Vincent Hiribarren : Depuis les dernières élections, effectivement, la violence s'est diffusée dans beaucoup de parties du territoire nigérian, et c'est sans doute la nouveauté par rapport aux précédentes élections. Depuis 2011, tout le Nigeria est menacé de violence. Dans tout le pays, on a plusieurs sortes de violences. On a régulièrement donc des reports d'élections. A chaque élection présidentielle, on annonce que ces élections vont être reportées à cause de la violence, et c'est effectivement la raison pour laquelle la commission électorale veut reporter ces élections encore une fois.

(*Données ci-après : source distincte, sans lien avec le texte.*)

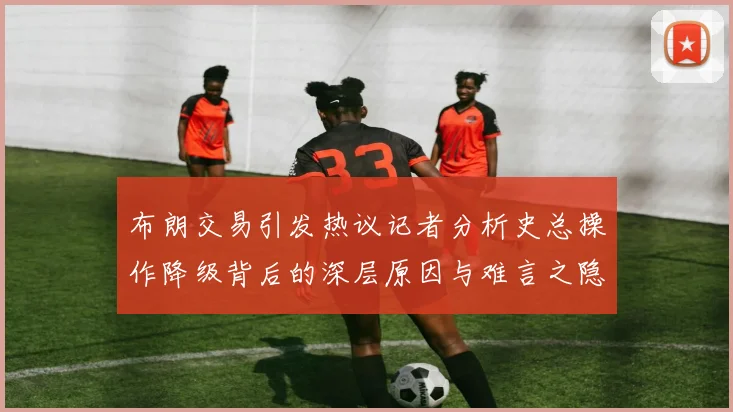 布朗交易引发热议记者分析史总操作降级背后的深层原因与难言之隐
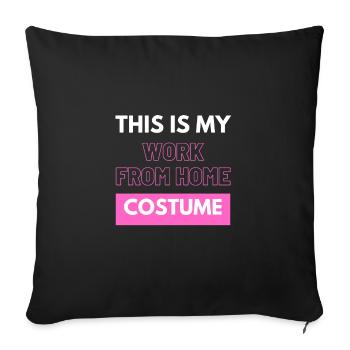 Ceci est mon costume de travail à la maison - Housse de coussin décorative 45 x 45 cm - noir - Devant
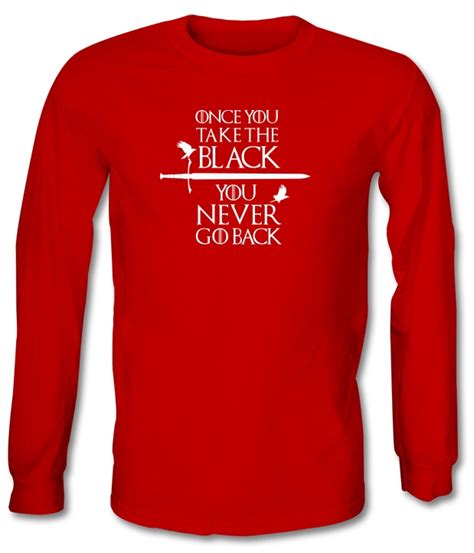 Once You Take The Black You Never Go Back Long Sleeve T Shirt By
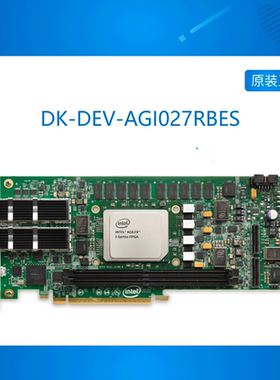 DK DEV AGI027RBES 开发板Altera FPGA PCIe Intel Agilex  IC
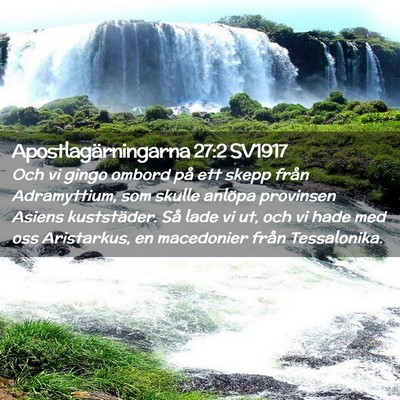 Picture 02 - Apostlagärningarna 27:2 SV1917 - Och vi gingo ombord på ett skepp från - Bible Verse Picture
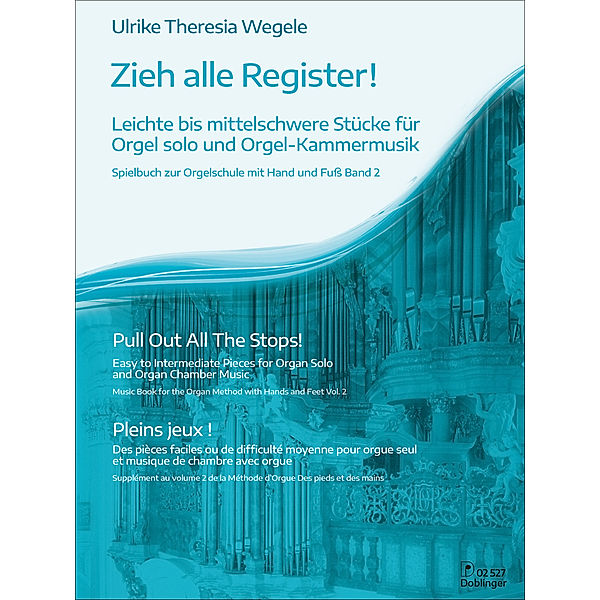 Zieh alle Register!, Ulrike-Theresia Wegele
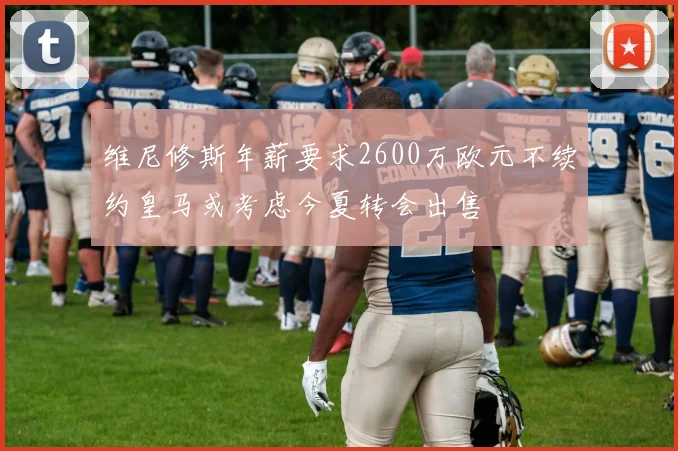 维尼修斯年薪要求2600万欧元不续约皇马或考虑今夏转会出售
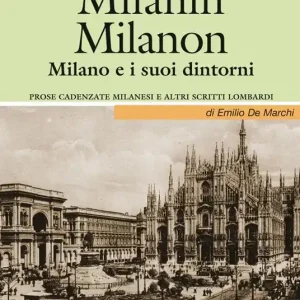 Milanin Milanon. Milano e i suoi dintorni. Prose cadenzate milanesi e altri scritti lombardi Saldi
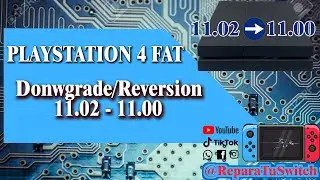 Donwgrade Reversión PlayStation 4  Versión 11.02 a 11.00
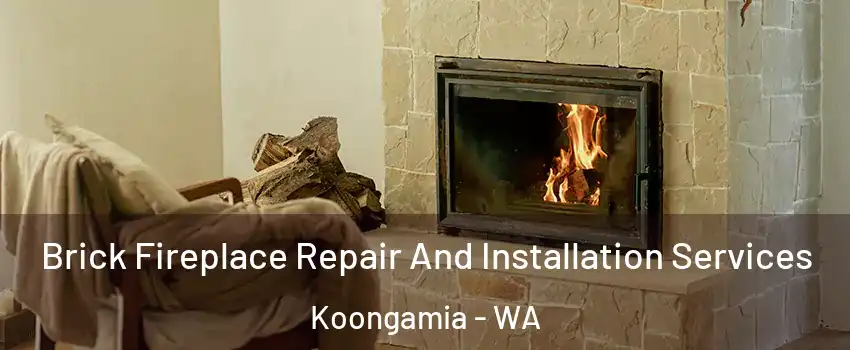 Brick Fireplace Repair And Installation Services Koongamia - WA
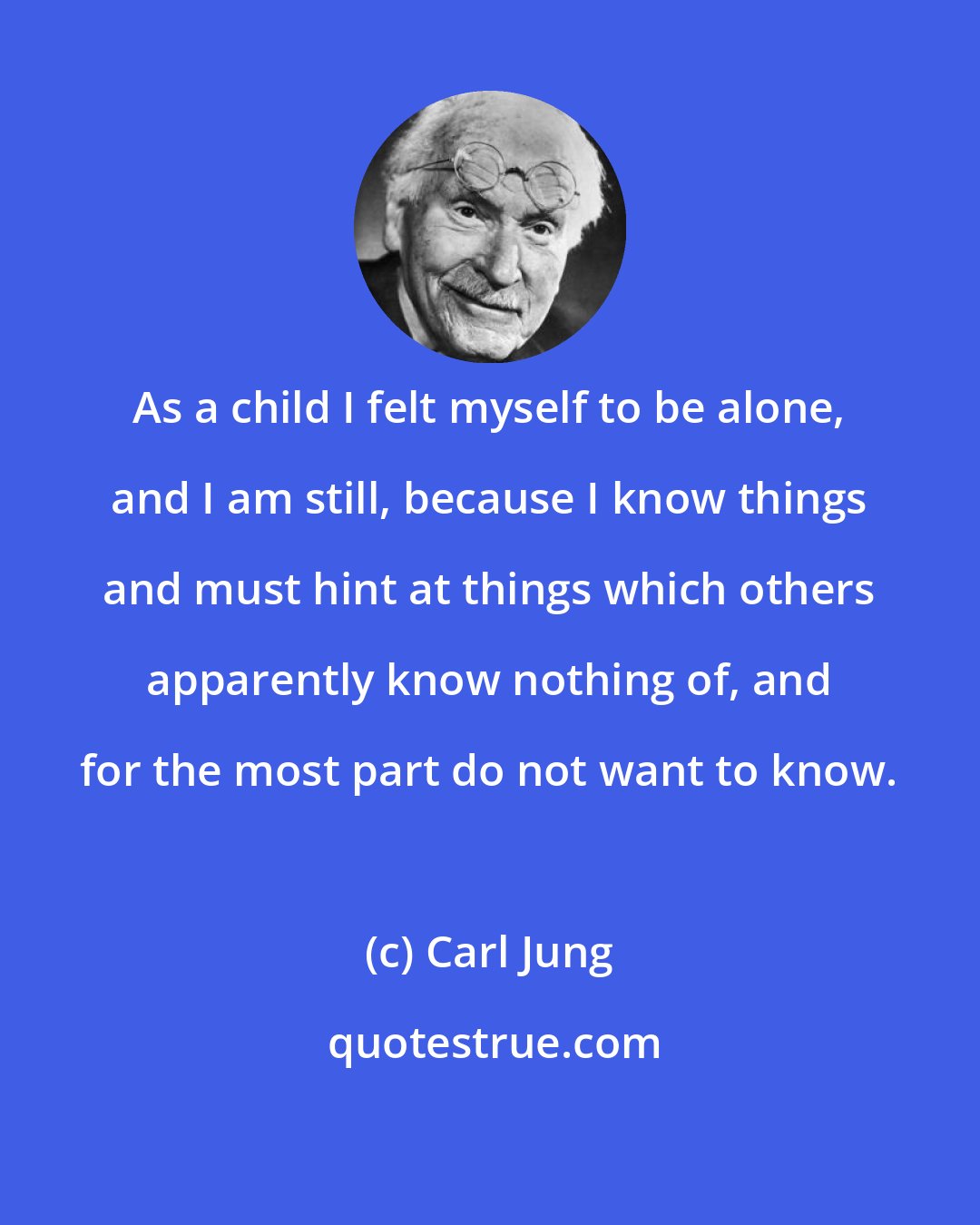 Carl Jung: As a child I felt myself to be alone, and I am still, because I know things and must hint at things which others apparently know nothing of, and for the most part do not want to know.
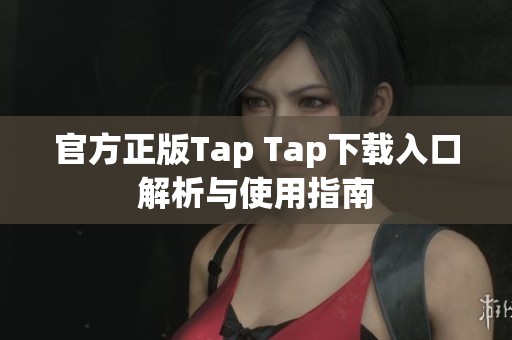 官方正版Tap Tap下载入口解析与使用指南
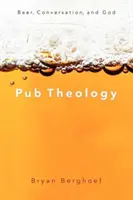 Kocsmateológia: Sör, beszélgetés és Isten - Pub Theology: Beer, Conversation, and God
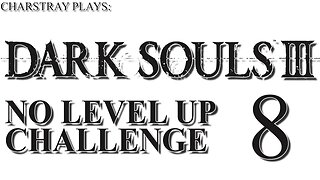 Dark Souls 3 Tapi Ga Boleh Naik Level (Bahasa Indonesia), Part 8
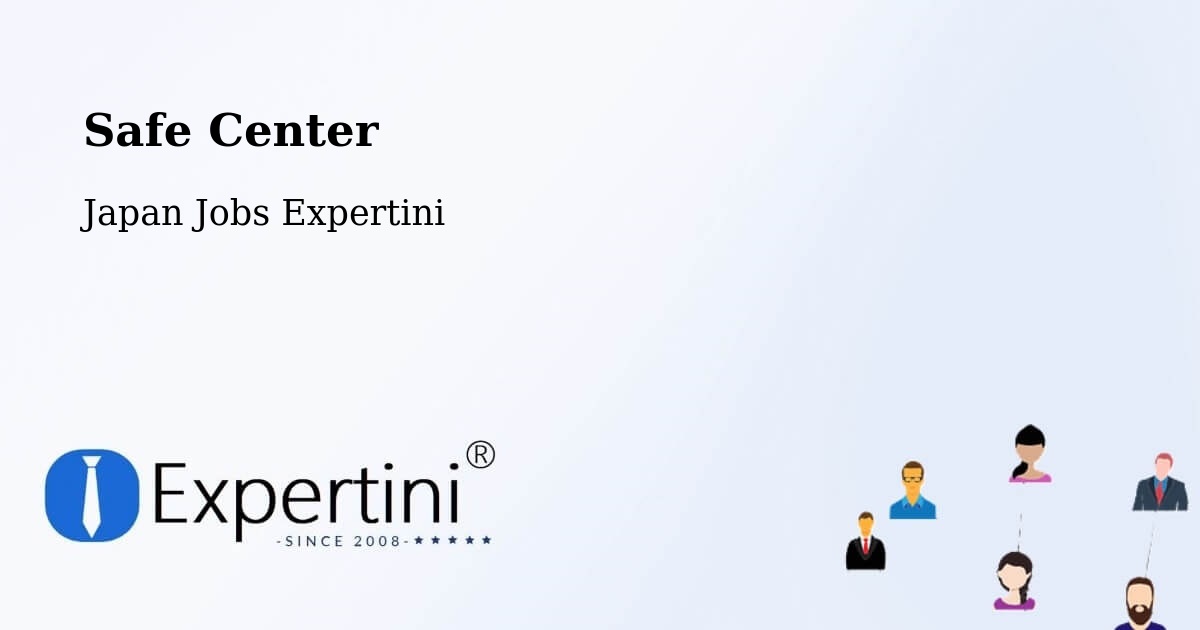 Safety Center – Abiko Shi - Japan Jobs Expertini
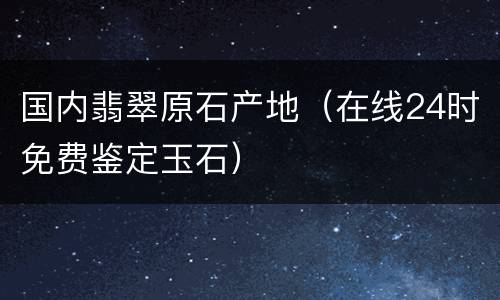 国内翡翠原石产地（在线24时免费鉴定玉石）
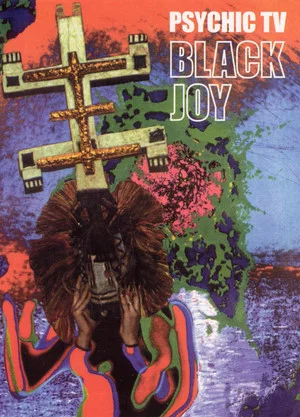 Постер: Psychic TV: Black Joy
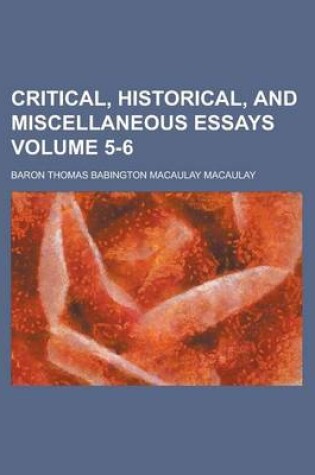 Cover of Critical, Historical, and Miscellaneous Essays Volume 5-6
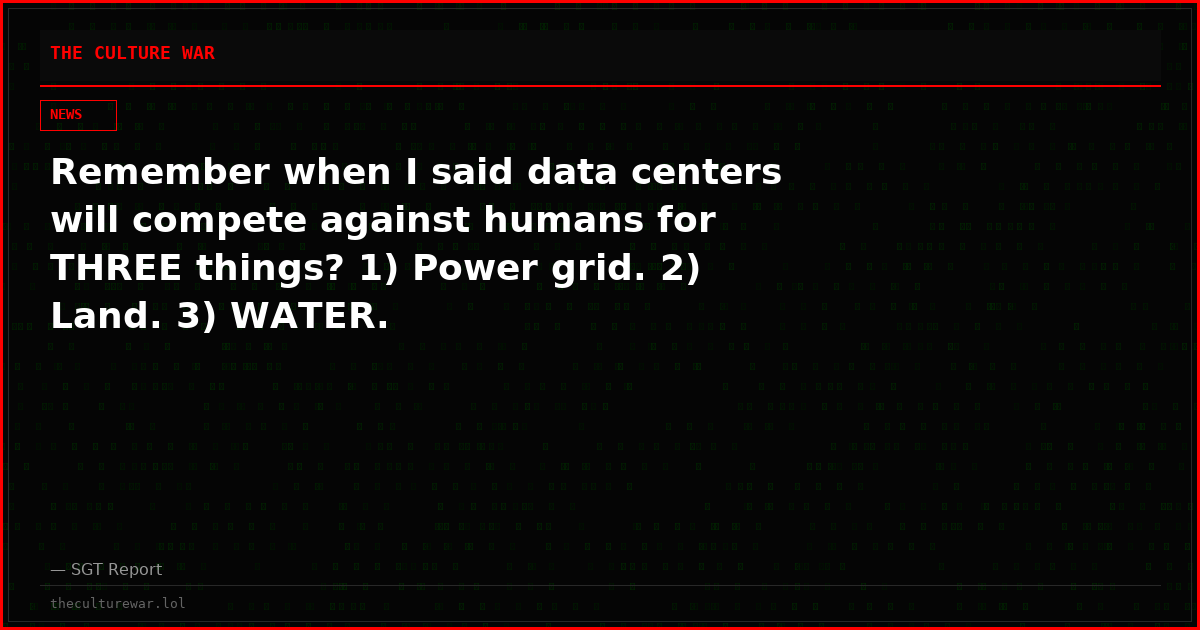 Remember when I said data centers will compete against humans for THREE things? 1) Power grid. 2) Land. 3) WATER.
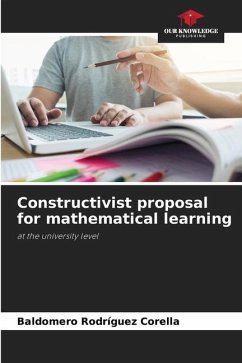 Constructivist proposal for mathematical learning - Rodríguez Corella, Baldomero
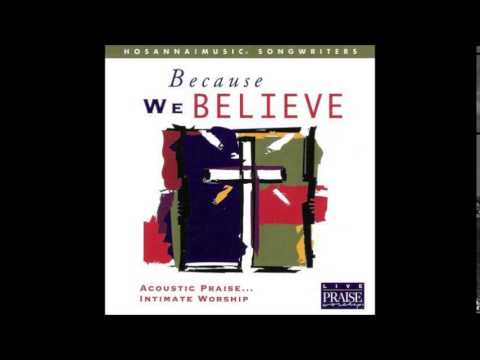 Songwriters- Because We Believe (Song) (Hosanna! Music)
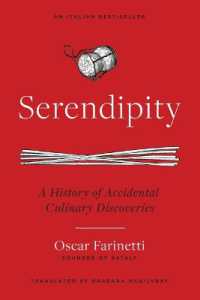Serendipity : A History of Accidental Culinary Discoveries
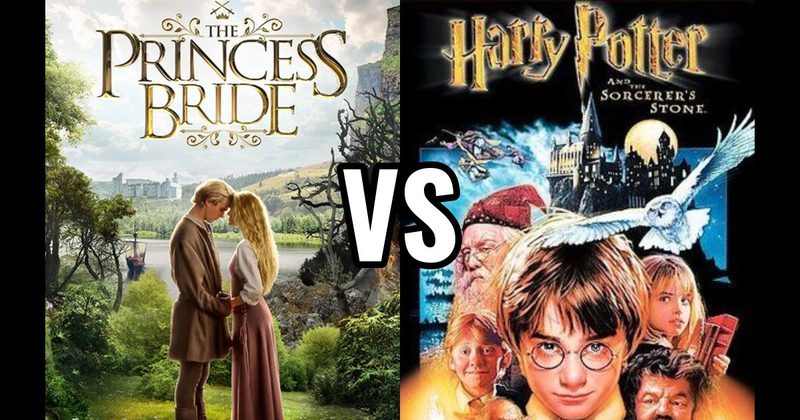 Harry Potter and the Sorcerer’s Stone (2001) vs. The Princess Bride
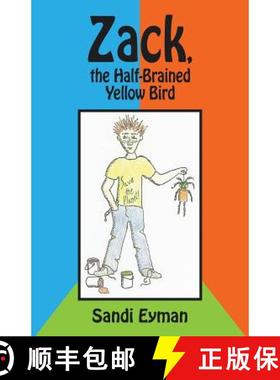 【3-4周达】Zack, the Half-Brained Yellow Bird [9781480832657]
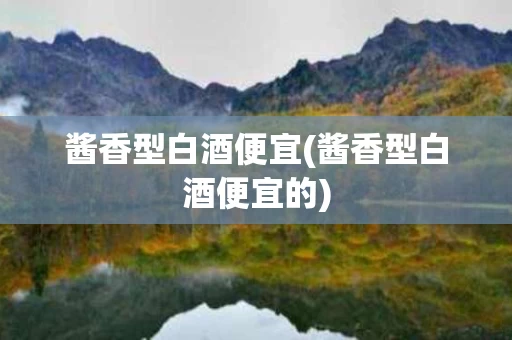 酱香型白酒便宜(酱香型白酒便宜的)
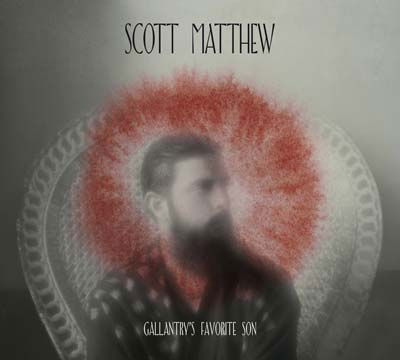 Gallantry's Favorite Son - Scott Matthew - Muzyka - INPARTMAINT CO. - 4532813235110 - 9 czerwca 2011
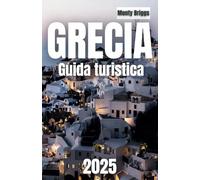 GRECIA Guida turistica 2025: Scopri meraviglie, dal mito alla magia (Italian Edition)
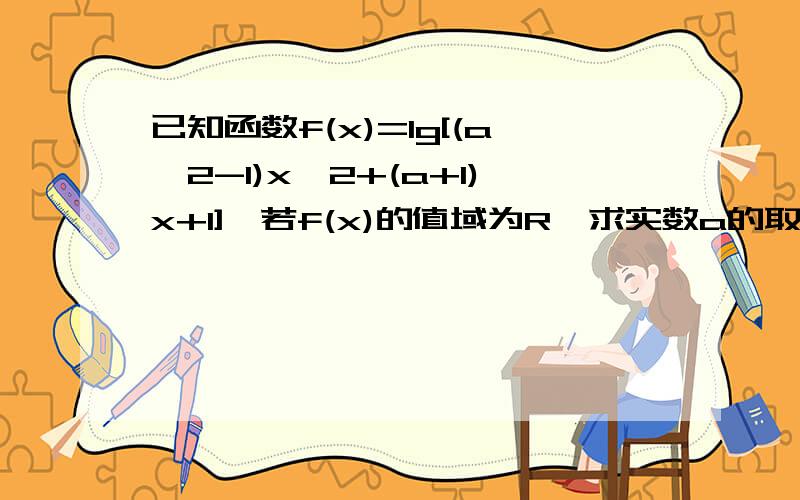 已知函数f(x)=lg[(a^2-1)x^2+(a+1)x+1],若f(x)的值域为R,求实数a的取值范围虽然可以找到很多类似的解答,但我觉得那样解是有误的,这个要求值域是R而不是定义域,希望您能给我答案!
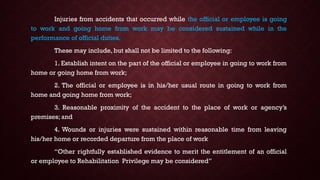 Injuries from accidents that occurred while the official or employee is going
to work and going home from work may be considered sustained while in the
performance of official duties.
These may include, but shall not be limited to the following:
1. Establish intent on the part of the official or employee in going to work from
home or going home from work;
2. The official or employee is in his/her usual route in going to work from
home and going home from work;
3. Reasonable proximity of the accident to the place of work or agency’s
premises; and
4. Wounds or injuries were sustained within reasonable time from leaving
his/her home or recorded departure from the place of work
“Other rightfully established evidence to merit the entitlement of an official
or employee to Rehabilitation Privilege may be considered”
 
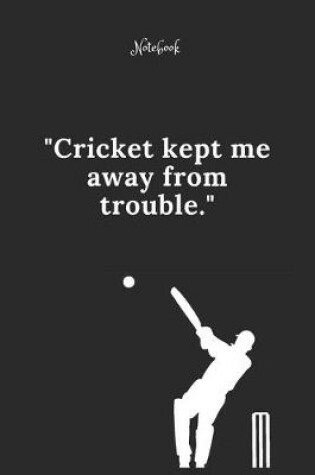 Cover of Cricket Notebook Quote 84 Notebook For Cricket Fans and Lovers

Dans ce contexte de violence généralisée, est-ce qu'on a tout de même des zones du Nigeria où la violence est plus forte qu'ailleurs ?

Oui, le nord-est du Nigeria est toujours en guerre, ça fait maintenant plus de dix ans que le pays est en guerre contre Boko Haram ou les différentes factions issues de Boko Haram. Dans le nord-ouest, on a des violences qui sont liées plutôt à ce qu'on appelle vaguement le banditisme, mais qui sont, en fait, liées à des conflits entre éleveurs et agriculteurs, entre éleveurs eux-mêmes mais aussi -surtout- avec des tensions nées des mines d'or dans l'Etat de Zamfara, qui est un état du nord-ouest du Nigeria. On a aussi quelques zones dans le delta du Niger où, clairement, là aussi, on a ces problèmes de pétrole, ces problèmes de piraterie qui sont plus violents qu'ailleurs. D'année en année, effectivement, on a l'impression que la situation sécuritaire empire.

Est-ce que ces violences signifient que dans de nombreuses régions, l'Etat nigérian est absent, ou est en recul ?

On a quand même un Etat qui s'occupe très peu de la plupart des régions du pays, qui se concentre dans les grandes villes, qui a du mal à contrôler certains territoires. On peut dire que dans certaines régions rurales en particulier, effectivement, il est en recul ou a du mal à trouver des points d'appui très forts. Alors c'est pour ça qu'on parle de la création par exemple de milice dans de nombreuses parties du pays... On a un Etat qui n'hésite pas aussi à envoyer l'armée pour faire le travail de la police, une armée qui est très violente. C'est un des facteurs qui explique cette violence au Nigeria : c'est une armée qui répond à la violence par la violence, cela fait partie d'un enchainement, d'un cercle vicieux, ce qui fait que la violence est tout le temps là au Nigeria.

Quelles sont les conséquences au quotidien de ces violences pour les populations ?

Beaucoup de personnes vivent dans une insécurité permanente... Et, au jour le jour, on peut le voir : dès qu'il fait nuit, les gens ont de plus en plus tendance à rentrer chez eux, même dans les grandes villes qui, auparavant, étaient plus ou moins sûres. On a un effet sur la peur de voyager. Prendre la route entre la capitale Abuja et la ville de Kano dans le nord du pays, par exemple, reste très difficile. Beaucoup de personnes préfèrent soit prendre le train quand c'est possible, ou prendre l'avion... Ça peut être Boko Haram aussi qui tue des musulmans quand ils partent à la Mosquée le vendredi. Ça peut être énormément de moments de la vie quotidienne qui sont menacés au Nigeria.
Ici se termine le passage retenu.